Required action
Reproduce exactly the lines below from the one containing "Albania, Europe. Scenic" through the one containing "Garden image for: Villa", including both, and nothing else.

Provided data
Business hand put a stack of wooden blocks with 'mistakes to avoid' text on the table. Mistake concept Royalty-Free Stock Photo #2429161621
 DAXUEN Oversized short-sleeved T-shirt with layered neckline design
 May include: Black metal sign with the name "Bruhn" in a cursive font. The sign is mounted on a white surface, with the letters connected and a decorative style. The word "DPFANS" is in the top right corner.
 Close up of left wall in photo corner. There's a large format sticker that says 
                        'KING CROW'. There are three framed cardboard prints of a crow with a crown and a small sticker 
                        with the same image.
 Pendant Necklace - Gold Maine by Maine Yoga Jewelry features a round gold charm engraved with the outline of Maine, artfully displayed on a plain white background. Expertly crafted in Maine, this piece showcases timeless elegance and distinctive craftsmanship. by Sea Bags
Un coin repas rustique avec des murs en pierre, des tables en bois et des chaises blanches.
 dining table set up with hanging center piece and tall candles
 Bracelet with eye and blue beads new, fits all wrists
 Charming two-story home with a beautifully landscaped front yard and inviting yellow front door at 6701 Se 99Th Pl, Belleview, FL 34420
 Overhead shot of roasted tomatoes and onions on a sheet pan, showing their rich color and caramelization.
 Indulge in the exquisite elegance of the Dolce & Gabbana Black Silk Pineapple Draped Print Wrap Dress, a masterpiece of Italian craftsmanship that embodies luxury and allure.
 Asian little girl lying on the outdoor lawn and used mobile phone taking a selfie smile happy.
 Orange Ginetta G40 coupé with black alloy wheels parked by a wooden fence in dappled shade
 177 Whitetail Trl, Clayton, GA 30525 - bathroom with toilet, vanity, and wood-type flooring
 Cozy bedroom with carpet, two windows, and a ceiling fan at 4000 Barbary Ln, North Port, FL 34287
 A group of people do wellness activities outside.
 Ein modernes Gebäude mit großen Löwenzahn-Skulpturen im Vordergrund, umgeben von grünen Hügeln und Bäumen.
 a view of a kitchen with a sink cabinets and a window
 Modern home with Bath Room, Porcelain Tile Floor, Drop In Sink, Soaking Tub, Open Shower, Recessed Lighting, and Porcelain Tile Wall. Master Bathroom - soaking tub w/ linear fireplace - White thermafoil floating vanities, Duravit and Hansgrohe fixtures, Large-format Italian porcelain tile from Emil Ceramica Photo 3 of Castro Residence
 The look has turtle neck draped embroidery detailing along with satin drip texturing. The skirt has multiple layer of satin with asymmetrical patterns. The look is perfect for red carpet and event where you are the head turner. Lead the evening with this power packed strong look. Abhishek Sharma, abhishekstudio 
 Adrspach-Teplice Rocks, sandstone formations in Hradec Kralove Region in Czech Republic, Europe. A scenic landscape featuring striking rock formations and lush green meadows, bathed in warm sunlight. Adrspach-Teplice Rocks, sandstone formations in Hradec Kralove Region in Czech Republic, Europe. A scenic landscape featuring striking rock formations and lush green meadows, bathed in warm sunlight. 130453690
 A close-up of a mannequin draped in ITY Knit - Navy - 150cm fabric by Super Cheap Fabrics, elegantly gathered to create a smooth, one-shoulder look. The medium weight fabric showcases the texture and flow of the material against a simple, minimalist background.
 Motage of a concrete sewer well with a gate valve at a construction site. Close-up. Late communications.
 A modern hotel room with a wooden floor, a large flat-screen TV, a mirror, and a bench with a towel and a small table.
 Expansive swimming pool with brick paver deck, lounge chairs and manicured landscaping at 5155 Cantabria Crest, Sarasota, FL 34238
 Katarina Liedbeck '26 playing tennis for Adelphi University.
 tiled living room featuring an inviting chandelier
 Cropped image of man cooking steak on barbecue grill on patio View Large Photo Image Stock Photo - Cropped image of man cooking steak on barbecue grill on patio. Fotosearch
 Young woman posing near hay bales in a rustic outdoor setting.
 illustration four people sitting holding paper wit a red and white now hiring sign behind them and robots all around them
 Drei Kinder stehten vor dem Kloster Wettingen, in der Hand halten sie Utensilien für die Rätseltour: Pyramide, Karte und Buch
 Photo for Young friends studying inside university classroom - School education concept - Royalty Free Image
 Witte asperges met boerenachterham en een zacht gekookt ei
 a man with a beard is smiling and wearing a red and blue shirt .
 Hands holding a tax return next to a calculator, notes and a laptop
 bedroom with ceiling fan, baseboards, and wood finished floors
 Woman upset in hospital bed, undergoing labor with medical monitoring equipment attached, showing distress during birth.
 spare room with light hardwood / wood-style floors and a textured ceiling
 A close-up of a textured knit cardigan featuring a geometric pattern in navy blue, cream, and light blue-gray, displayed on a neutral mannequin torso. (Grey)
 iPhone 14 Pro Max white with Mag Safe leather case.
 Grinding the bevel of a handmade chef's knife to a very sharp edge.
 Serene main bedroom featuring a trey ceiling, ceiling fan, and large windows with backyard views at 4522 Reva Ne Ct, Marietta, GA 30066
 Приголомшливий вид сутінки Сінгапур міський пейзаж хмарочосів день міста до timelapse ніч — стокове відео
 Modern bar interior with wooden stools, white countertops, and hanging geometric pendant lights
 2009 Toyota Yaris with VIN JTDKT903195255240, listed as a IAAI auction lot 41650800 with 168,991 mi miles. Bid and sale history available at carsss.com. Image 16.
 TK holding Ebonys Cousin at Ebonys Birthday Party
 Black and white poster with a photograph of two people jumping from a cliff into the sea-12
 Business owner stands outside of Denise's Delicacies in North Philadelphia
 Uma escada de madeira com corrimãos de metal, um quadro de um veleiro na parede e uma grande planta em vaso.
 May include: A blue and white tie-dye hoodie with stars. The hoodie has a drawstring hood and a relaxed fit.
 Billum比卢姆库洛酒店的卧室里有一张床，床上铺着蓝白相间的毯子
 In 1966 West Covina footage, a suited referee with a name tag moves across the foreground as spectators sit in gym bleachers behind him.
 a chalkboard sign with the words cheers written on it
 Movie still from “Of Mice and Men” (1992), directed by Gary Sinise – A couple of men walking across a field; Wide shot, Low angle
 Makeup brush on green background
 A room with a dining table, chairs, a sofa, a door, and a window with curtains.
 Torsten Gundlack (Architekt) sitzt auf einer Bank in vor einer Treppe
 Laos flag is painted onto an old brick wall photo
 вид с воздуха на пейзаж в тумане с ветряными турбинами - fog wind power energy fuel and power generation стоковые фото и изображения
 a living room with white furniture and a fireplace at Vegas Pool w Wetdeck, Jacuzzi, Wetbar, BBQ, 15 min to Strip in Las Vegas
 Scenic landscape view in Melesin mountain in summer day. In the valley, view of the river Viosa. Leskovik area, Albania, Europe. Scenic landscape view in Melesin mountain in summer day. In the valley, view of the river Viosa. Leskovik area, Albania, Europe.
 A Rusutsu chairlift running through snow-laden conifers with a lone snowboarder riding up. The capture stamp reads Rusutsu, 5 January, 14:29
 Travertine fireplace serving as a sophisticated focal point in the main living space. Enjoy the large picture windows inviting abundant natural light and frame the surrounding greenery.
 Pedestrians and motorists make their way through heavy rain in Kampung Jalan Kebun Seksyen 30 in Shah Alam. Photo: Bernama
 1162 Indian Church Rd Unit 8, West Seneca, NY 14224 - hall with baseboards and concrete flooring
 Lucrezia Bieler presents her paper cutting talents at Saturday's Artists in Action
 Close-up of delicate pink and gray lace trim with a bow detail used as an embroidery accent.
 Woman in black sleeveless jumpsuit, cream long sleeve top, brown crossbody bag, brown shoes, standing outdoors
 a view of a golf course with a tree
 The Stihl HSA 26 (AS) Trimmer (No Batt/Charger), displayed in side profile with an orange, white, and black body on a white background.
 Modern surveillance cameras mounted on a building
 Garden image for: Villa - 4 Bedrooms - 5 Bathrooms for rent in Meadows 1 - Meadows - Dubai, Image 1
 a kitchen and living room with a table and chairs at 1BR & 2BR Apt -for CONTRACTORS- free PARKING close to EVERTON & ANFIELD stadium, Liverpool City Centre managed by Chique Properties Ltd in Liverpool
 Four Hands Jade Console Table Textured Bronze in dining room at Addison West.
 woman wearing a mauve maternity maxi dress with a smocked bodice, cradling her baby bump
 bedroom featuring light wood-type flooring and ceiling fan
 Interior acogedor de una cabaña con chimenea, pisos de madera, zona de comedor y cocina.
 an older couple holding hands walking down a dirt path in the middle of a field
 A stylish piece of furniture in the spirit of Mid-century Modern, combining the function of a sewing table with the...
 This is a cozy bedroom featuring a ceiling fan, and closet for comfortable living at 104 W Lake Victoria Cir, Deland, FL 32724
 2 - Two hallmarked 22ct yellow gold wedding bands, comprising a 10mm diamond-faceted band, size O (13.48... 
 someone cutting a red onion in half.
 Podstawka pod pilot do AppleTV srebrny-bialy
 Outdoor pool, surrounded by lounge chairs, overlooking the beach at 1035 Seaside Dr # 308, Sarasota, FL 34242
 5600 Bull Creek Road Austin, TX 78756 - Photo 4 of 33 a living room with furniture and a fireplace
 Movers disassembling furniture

Task solution
 Scenic landscape view in Melesin mountain in summer day. In the valley, view of the river Viosa. Leskovik area, Albania, Europe. Scenic landscape view in Melesin mountain in summer day. In the valley, view of the river Viosa. Leskovik area, Albania, Europe.
 A Rusutsu chairlift running through snow-laden conifers with a lone snowboarder riding up. The capture stamp reads Rusutsu, 5 January, 14:29
 Travertine fireplace serving as a sophisticated focal point in the main living space. Enjoy the large picture windows inviting abundant natural light and frame the surrounding greenery.
 Pedestrians and motorists make their way through heavy rain in Kampung Jalan Kebun Seksyen 30 in Shah Alam. Photo: Bernama
 1162 Indian Church Rd Unit 8, West Seneca, NY 14224 - hall with baseboards and concrete flooring
 Lucrezia Bieler presents her paper cutting talents at Saturday's Artists in Action
 Close-up of delicate pink and gray lace trim with a bow detail used as an embroidery accent.
 Woman in black sleeveless jumpsuit, cream long sleeve top, brown crossbody bag, brown shoes, standing outdoors
 a view of a golf course with a tree
 The Stihl HSA 26 (AS) Trimmer (No Batt/Charger), displayed in side profile with an orange, white, and black body on a white background.
 Modern surveillance cameras mounted on a building
 Garden image for: Villa - 4 Bedrooms - 5 Bathrooms for rent in Meadows 1 - Meadows - Dubai, Image 1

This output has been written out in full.